=== Information shown ===
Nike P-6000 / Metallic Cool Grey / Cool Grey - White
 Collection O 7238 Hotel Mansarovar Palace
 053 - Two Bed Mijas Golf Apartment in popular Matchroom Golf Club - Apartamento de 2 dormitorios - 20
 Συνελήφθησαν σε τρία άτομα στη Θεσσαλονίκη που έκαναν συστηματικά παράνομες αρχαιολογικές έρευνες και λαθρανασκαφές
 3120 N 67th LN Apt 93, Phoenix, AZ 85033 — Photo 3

=== What needs to be done ===
Copy all the records exactly so that no character differs from the source.

=== Answer area ===
Nike P-6000 / Metallic Cool Grey / Cool Grey - White
 Collection O 7238 Hotel Mansarovar Palace
 053 - Two Bed Mijas Golf Apartment in popular Matchroom Golf Club - Apartamento de 2 dormitorios - 20
 Συνελήφθησαν σε τρία άτομα στη Θεσσαλονίκη που έκαναν συστηματικά παράνομες αρχαιολογικές έρευνες και λαθρανασκαφές
 3120 N 67th LN Apt 93, Phoenix, AZ 85033 — Photo 3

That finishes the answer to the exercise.